June 8, 2012 – Yesterday the George Washington University Homeland Security Policy Institute's (HSPI) Preparedness, Response, and Resilience Task Force released its latest in a series of resilience reports entitled, "Public Health and Emergency Management: Challenges and Opportunities."
The federal government has taken steps toward improving public health preparedness since Hurricane Katrina exposed critical gaps, but it still faces several challenges, including synchronizing its grant programs, according to the report.
"While we have achieved much in preparing for an uncertain future of natural disasters and deliberate incidents, we have yet to reach the levels of preparedness required to fulfill our goal of resilience," Robert Kadlec, HSPI's Preparedness, Response, and Resilience Task Force, said in a statement.
In recent years, disaster response officials have seen that national resilience requires the integration of the public health and emergency management systems, the report said.
"The public health challenge will only grow as the population becomes more mobile and international borders become easier to cross," it said. "The threat of bioterrorism and the ever-present public health consequences of all-hazards disasters and emergencies will remain.
The report made several recommendations, including:
- Given the current tight fiscal environment, risk management organizations should make their decisions about grants and capital investments according to risk.

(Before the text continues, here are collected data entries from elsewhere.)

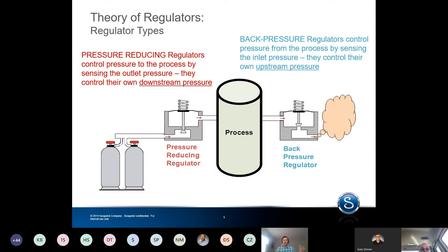They take a high pressure source, whether it's a gas or a liquid, and they reduce that pressure down to something that's usable for a process. That process can be a whole host of things — it could be a lab test bench, it could be a continuous chemical process, it could be tank filling, whatever it is, it can be anything.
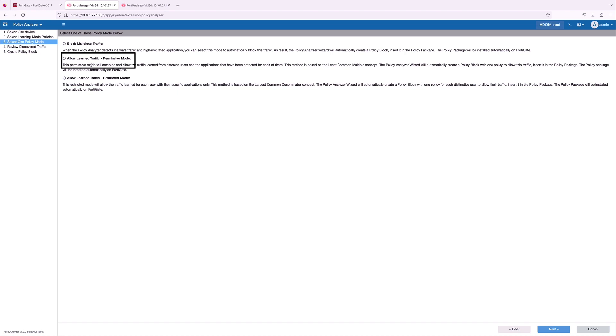With this mode, there is a combination of allow and block traffic from different users and their detected applications. And the last one is restrictive mode. Restrictive mode setting to allow traffic learn from each user with their specific applications only.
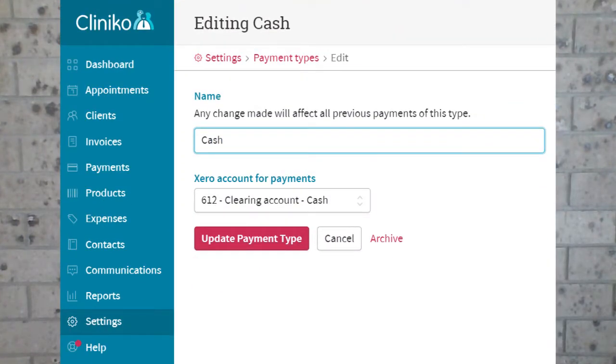Lastly, in Cliniko we are going to link our payment types to our newly created Xero clearing accounts. In settings under finances, you will see payment types — work your way through linking each payment type with your new Xero clearing account. If you have more than one Xero clearing account, you'll need to do this step for each of those clearing accounts. I'd recommend writing down or recording somewhere which payment types you have matched to which Xero clearing account, just to save a few headaches down the track for either you or anyone else using Cliniko or Xero for you.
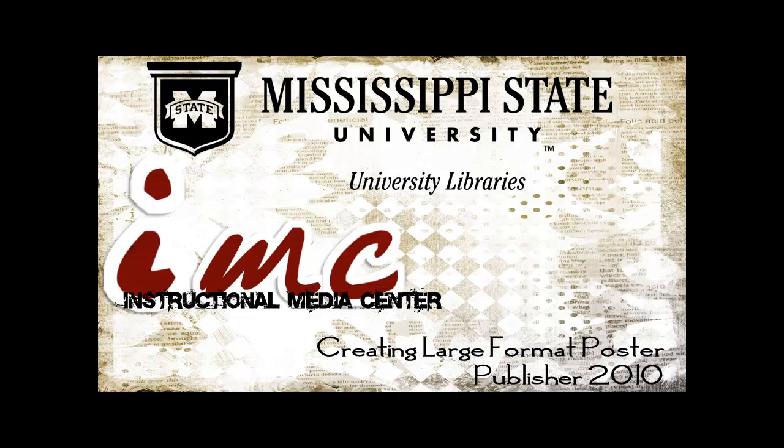Hi, I'm Stephanie Agney with the Instructional Media Center at Mississippi State University.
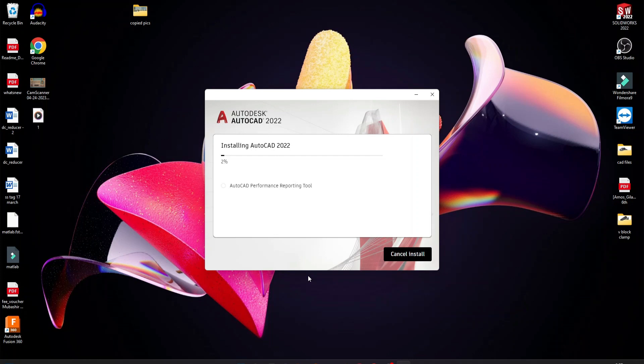So it's installing — let's wait for some time and we're going again.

- The Department of Homeland Security should recognize the federal National Health Security Strategy as an essential component of homeland security strategy and emergency management doctrine.
- The Health and Human Services Department and DHS should better align their grant programs and develop incentives for resource-sharing partnerships and other initiatives that reduce federal costs while still enhancing state and local preparedness.
- DHS should better integrate public health preparedness and health care into the core capabilities of its National Preparedness Guidelines.
- DHS and HHS should collect, identify and aggregate public health risk data geographically, use that data to drive investment decisions and target funding to improve capabilities.
- The two departments should encourage programs and initiatives that create strong individual and community resilience capabilities.
"We are encouraged by positive efforts for cross-disciplinary collaboration and suggest that such efforts be leveraged for future progress," said Daniel Kaniewski, HSPI's Deputy Director. "To do this, policy and doctrine must align public health and emergency management efforts."